Dataset content ->
-.-.-

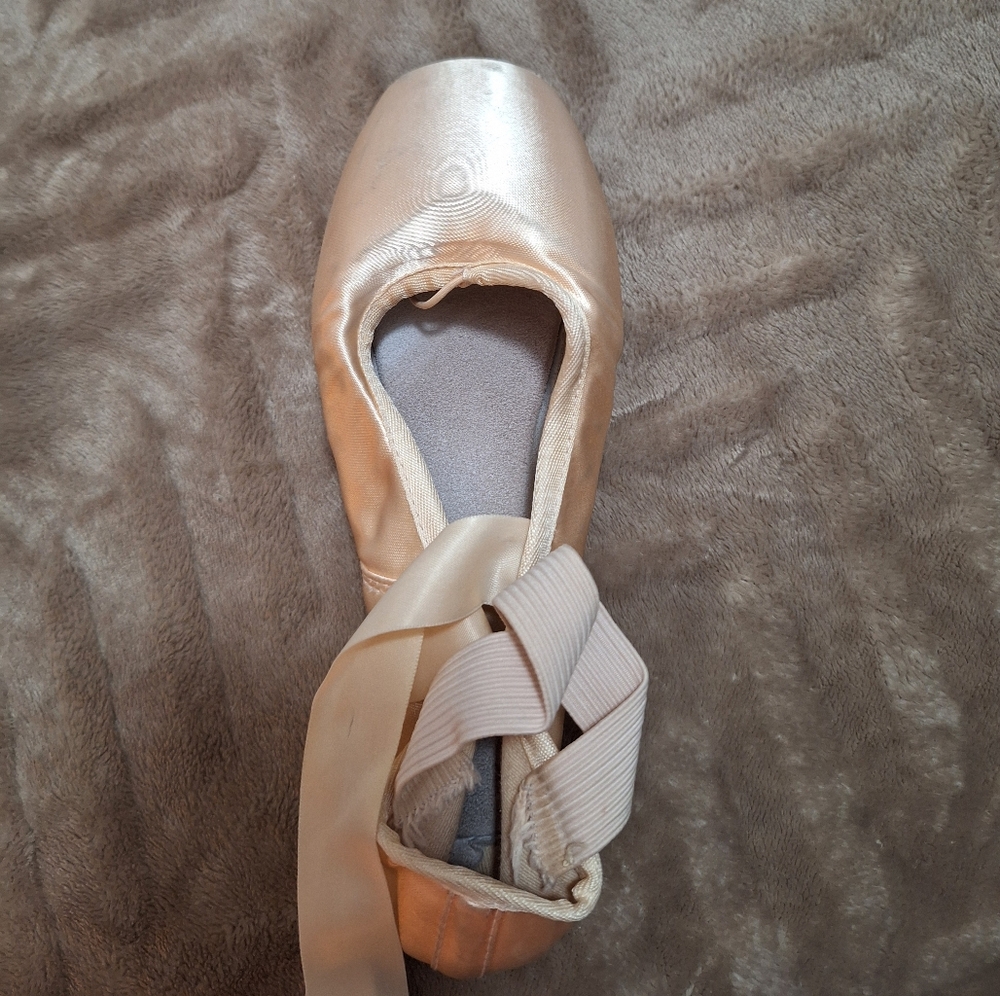 Bloch Pointe Shoes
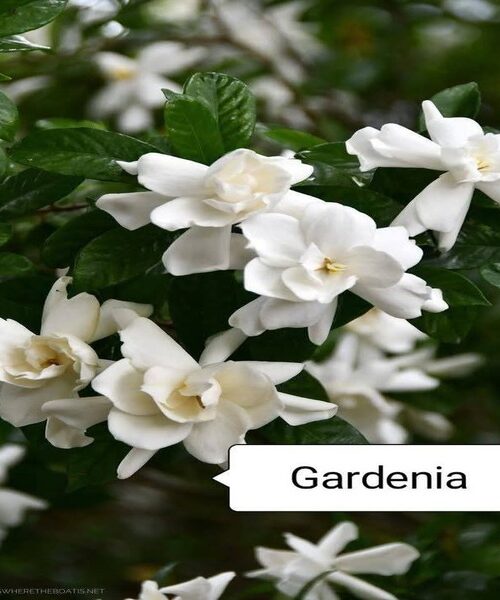 Gardenia Grandiflora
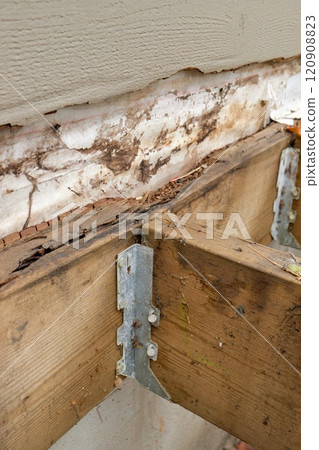 Deck Ledger Board Incorrectly Installed over Wood Siding has led to Extensive Dry Rot and Damage Deck Ledger Board Incorrectly Installed over Wood Siding has led to Extensive Dry Rot and Damage 120908823
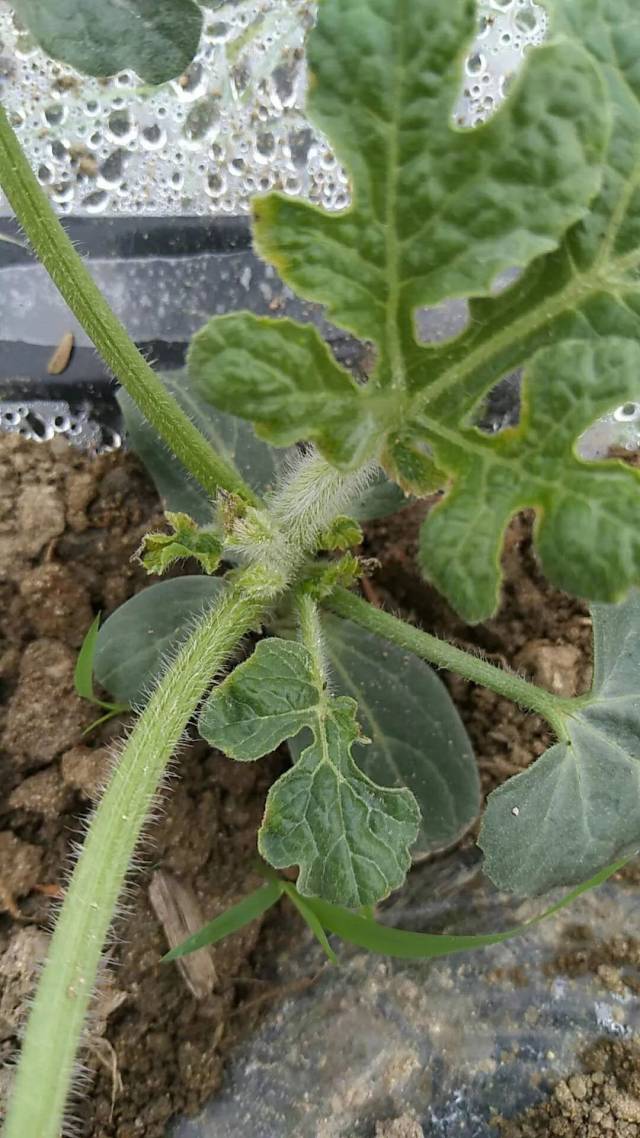 最近几天全国各地普遭"倒春寒",大棚西瓜也跟着遭了殃.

-.-.-

The whole listing above is to be printed again exactly; pictures stay out of it.

 Bloch Pointe Shoes
 Gardenia Grandiflora
 Deck Ledger Board Incorrectly Installed over Wood Siding has led to Extensive Dry Rot and Damage Deck Ledger Board Incorrectly Installed over Wood Siding has led to Extensive Dry Rot and Damage 120908823
 最近几天全国各地普遭"倒春寒",大棚西瓜也跟着遭了殃.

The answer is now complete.